The problem is that the French proposal raises more questions than it answers. It’s not at all clear how much money it would actually provide—headline figures suggesting $15 billion are apparently an Iranian wish list, not a European commitment—nor who would pay for it. It’s also not clear if the program would need to be run through the stillborn European special financial vehicle to facilitate trade with Iran, or if it is meant to simply open the market to some more Iranian oil exports, a no-go zone for U.S. officials.
Further complications: France wants Iran to put its missile program and support for regional proxies on the table as a condition of getting the credit line, something Tehran balks at. And, in any event, it is only designed to run through the end of the year, leaving Iran in the same cash-poor position as today in just a few months.
“It’s a good deal for Iran, a questionable one for the Europeans—because they can’t be sure when they’ll be paid back—and for the U.S. it’s not such a big deal, since Washington isn’t paying a dime for it,” Reed said.
“The Iranians have been crystal clear. They want cash with no strings attached, but the U.S. won’t permit anything that looks like a blank check because some or all of it could go to the Iranian Revolutionary Guard Corps,” Iran’s spearhead for regional mischief, he said.
Almost a year and a half after the United States pulled out of the nuclear deal, Iran’s economy is cratering as its oil exports have dwindled dramatically; experts estimate that Iran is exporting around 200,000 barrels a day of oil, mostly to service debts to China, compared with about 2.5 million barrels a day before Trump imposed sanctions.

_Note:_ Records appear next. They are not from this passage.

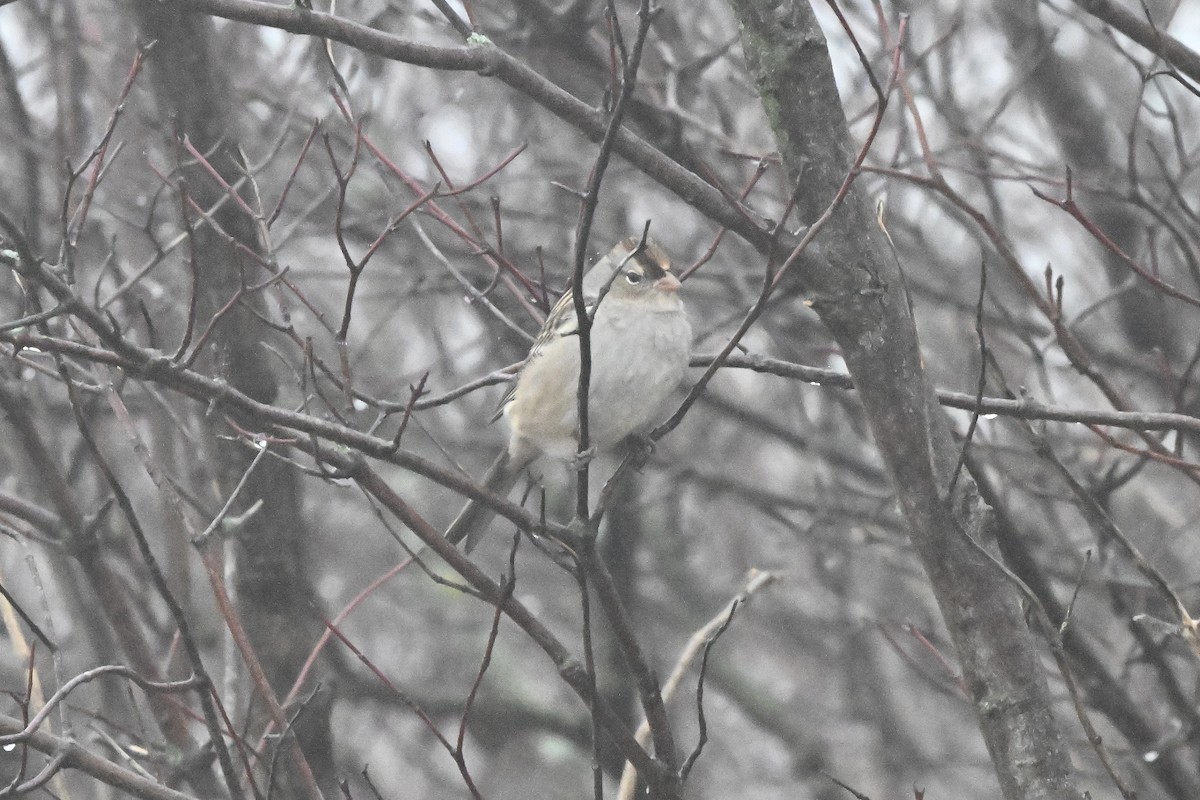 White-crowned Sparrow - ML647802370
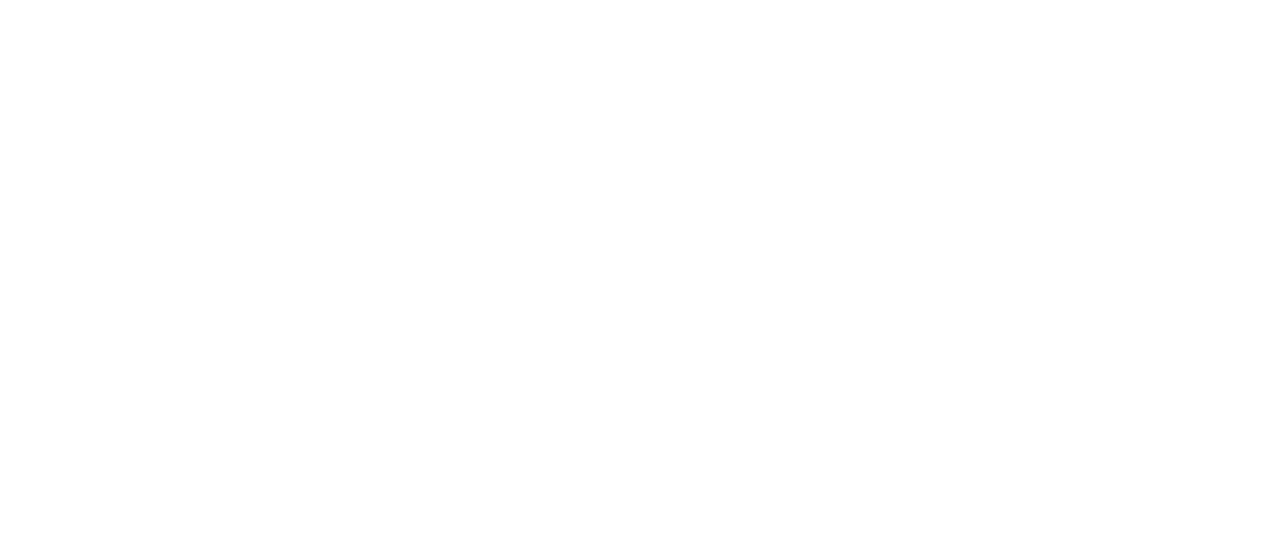 ロミーナ Netflix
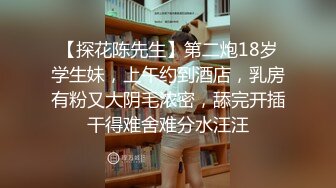 【探花陈先生】第二炮18岁学生妹，上午约到酒店，乳房有粉又大阴毛浓密，舔完开插干得难舍难分水汪汪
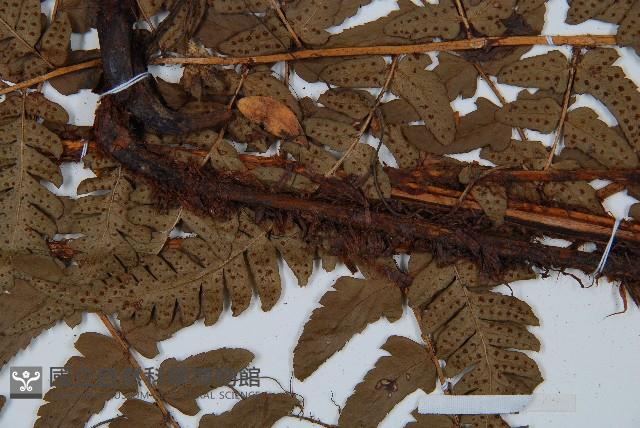 闊鱗鱗毛蕨藏品圖，第3張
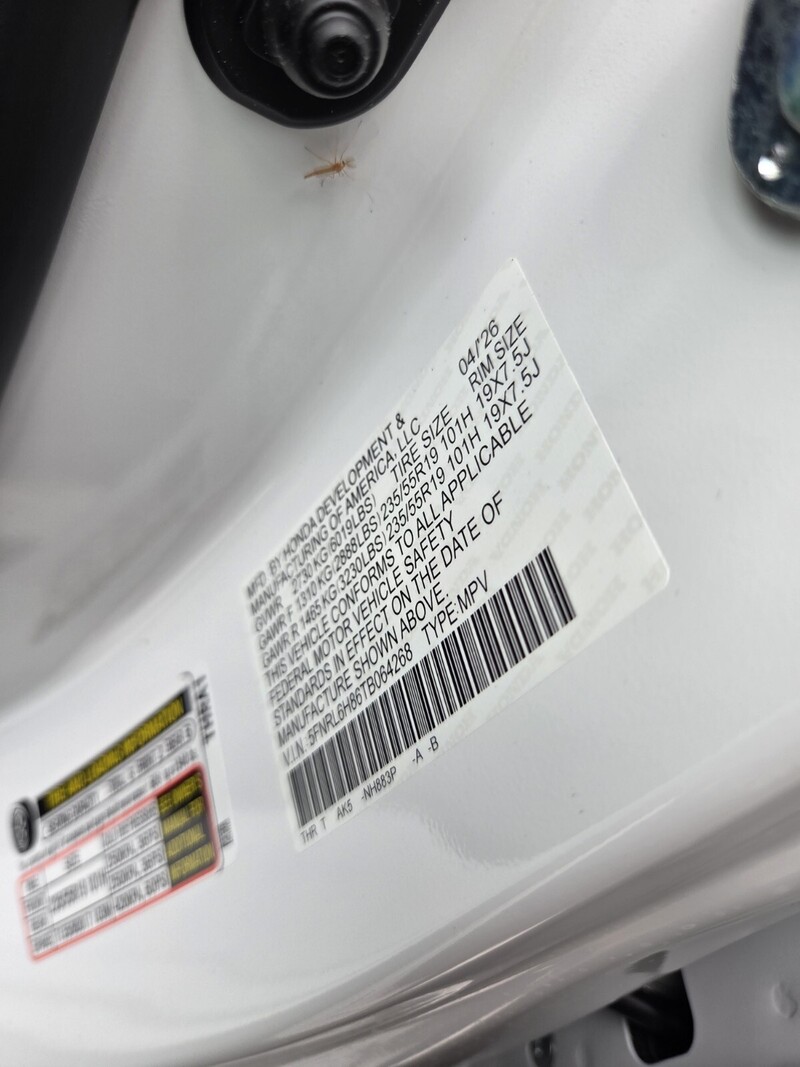 New 2026 Honda Odyssey TOURING in JACKSONVILLE, FLORIDA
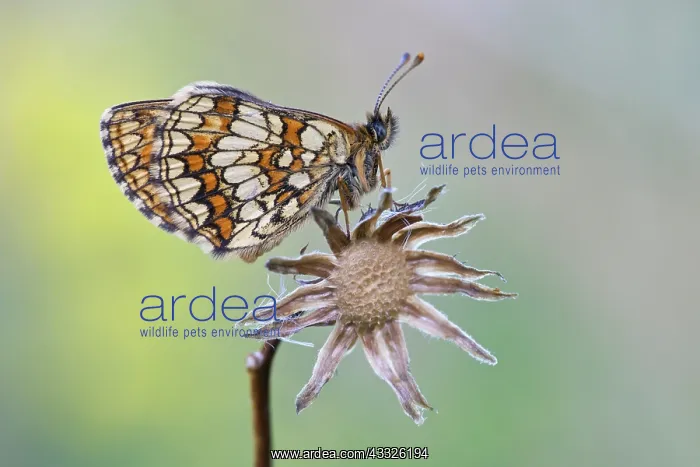 : Heath Fritillary : Heath Fritillary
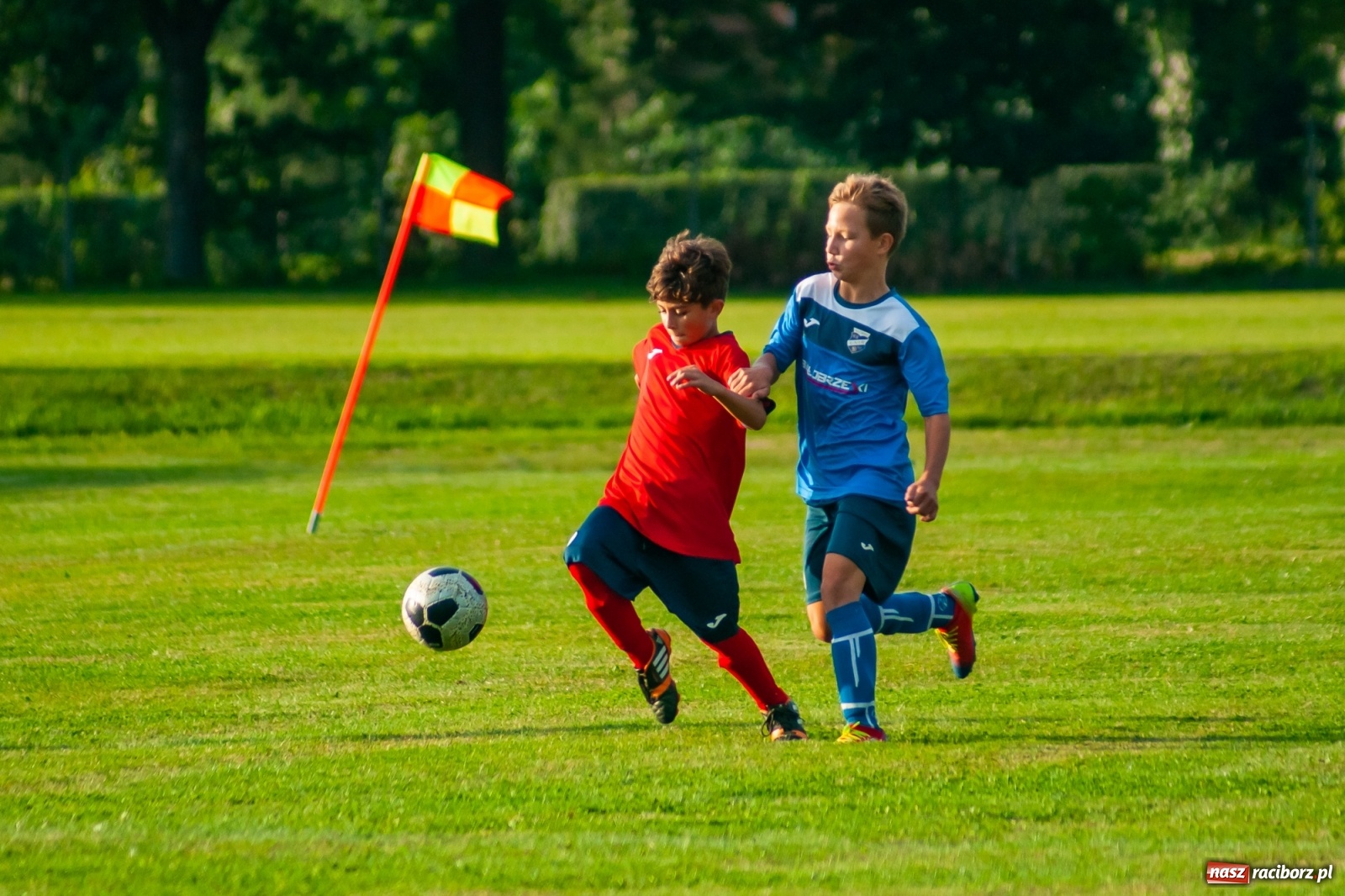 Zdjęcie w galerii na portalu naszraciborz.pl: Młodziki Unii Racibórz górą nad Studzienną [FOTO i WIDEO] wiadomości z regionu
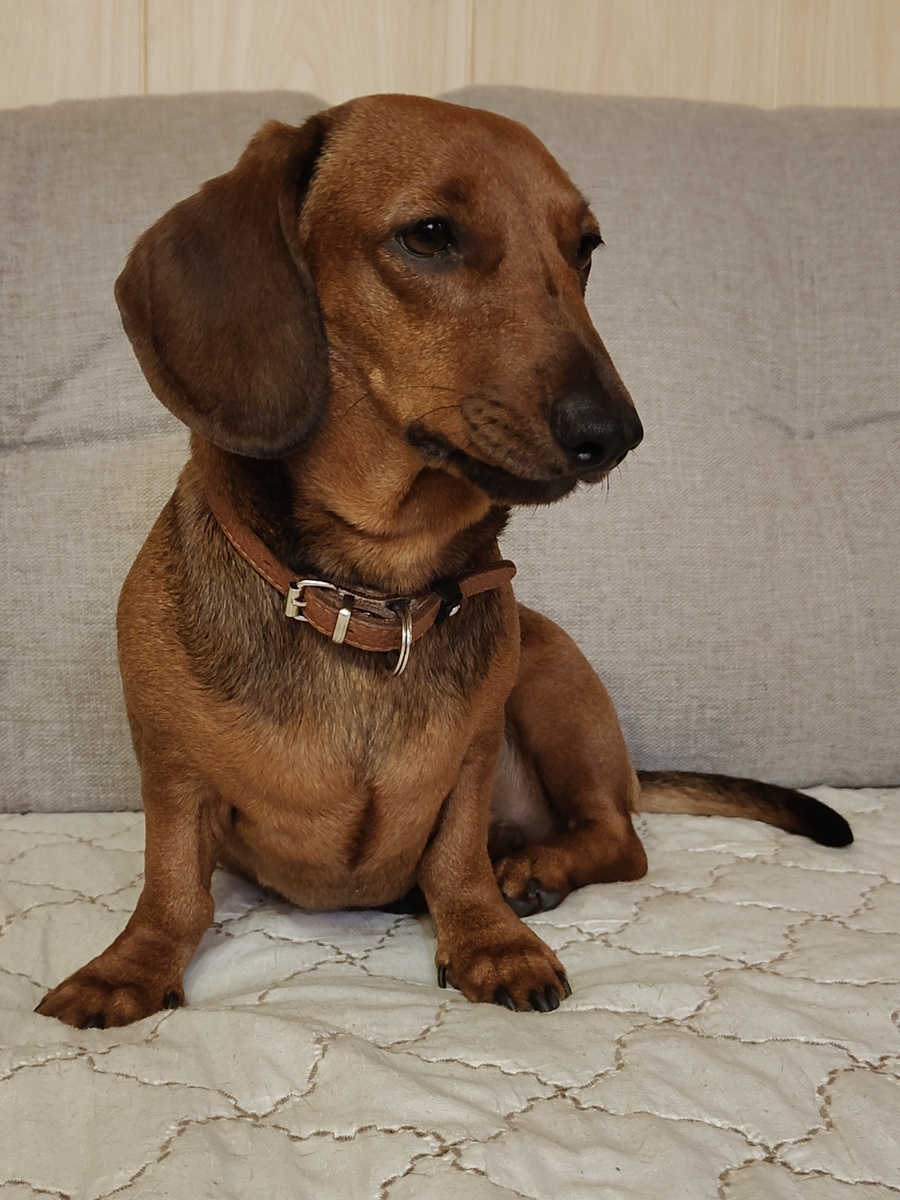 Наша чувствительная дама такса Алиса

Meanwhile, Tehran is accelerating its development of potential nuclear technologies and capabilities, and—despite Bolton’s departure—there is no off-ramp in sight. Worse, even with Bolton out of the picture, war could loom once again.
“The French proposal might be half-baked, but if it fails, Iran will be primed to lash out again like it did early this summer,” when it seized several tankers near the Strait of Hormuz, Reed said. Iran dialed back its aggression in the last couple of months, while Europe worked overtime to save the deal, he noted.
“But all bets are off if this letter of credit falls apart and Iran’s economic situation remains dire.”
This article has been corrected to reflect Iran’s pre-sanctions oil export volumes.